05.29.2014

Investors Size Up Sustainability

05.29.2014
Terry Flanagan

Impax Asset Management, a specialty investment firm, is focused on global equity strategies across alternative energy, energy efficiency, water, waste, food and agriculture related markets.

The firm’s investments aim to benefit from the long-term trends of changing demographics, urbanization, rising consumption, and the resultant increases in resource scarcity.

Ian Simm, the company’s founder and CEO, launched the company in 1998 with the premise that there were a large number of rapidly growing companies operating in the areas of environmental, infrastructure, environmental technology and renewable energy.

“From the outset, we’ve been interested in resource efficiency and environmental markets, and we’ve been attracting institutional clients to manage parts of their portfolios to invest in those areas, and that specifically means investing into global equities in the water sector, the food and agriculture sector, energy efficiency, renewable energy and waste management, in particular,” said Simm.

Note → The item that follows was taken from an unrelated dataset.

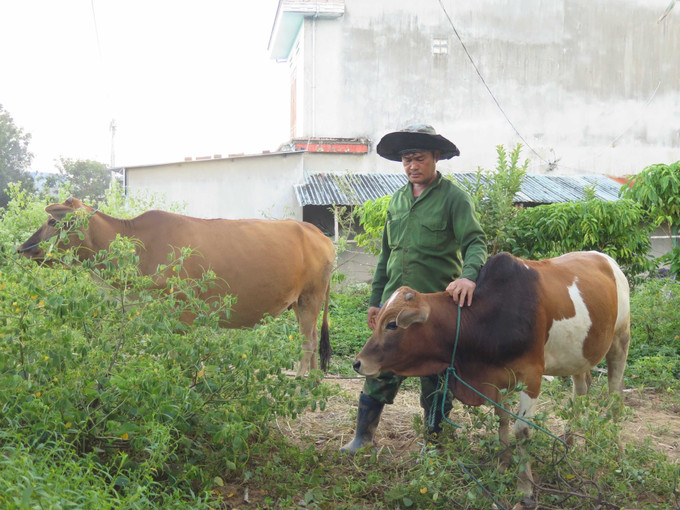 Từ b&ograve; c&aacute;i sinh sản được hỗ trợ, gia đ&igrave;nh &ocirc;ng A Ph&uacute; (th&ocirc;n Đăk Si, x&atilde; Dục N&ocirc;ng) đ&atilde; tho&aacute;t cận ngh&egrave;o v&agrave;o giữa năm 2025.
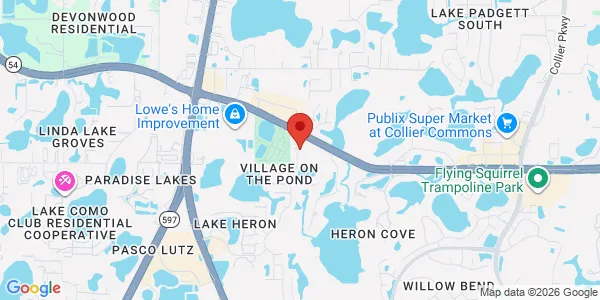 Map of 21750 SR 54 Lutz, FL 33549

Ian Simm, Impax Asset Management

Ian Simm, Impax Asset Management

Four of five investors consider sustainability issues to be relevant, according to research by PwC. About 80% of responding investors say that they considered these concepts in one or more investment contexts during the past year.

“Our survey asked whether sustainability issues are considered by investors, not necessarily whether they are the dominate consideration in investment decision-making,” Kayla Gillan, leader of PwC’s Investor Resource Institute, told Markets Media. “In that context, respondents to our survey indicated that the quest to reduce risk is the primary driver, followed closely by the goal of enhancing performance and minimizing exposure to unethical companies.”

With more than $4.0 billion in assets under management for institutional and high net worth investors globally, Impax is approximately 85 percent long only strategies and 15 percent private equity strategies.

“In the long-only space, we have five individual strategies: global small cap (Specialists Strategy), global all cap (Leaders Strategy), as well as three specialist strategies in water, food and agriculture, and Asia/Pacific region,” said Simm. “Our private-equity business is dedicated to the power generation sector, so we fund the construction of new power stations, particularly in the renewable energy space.”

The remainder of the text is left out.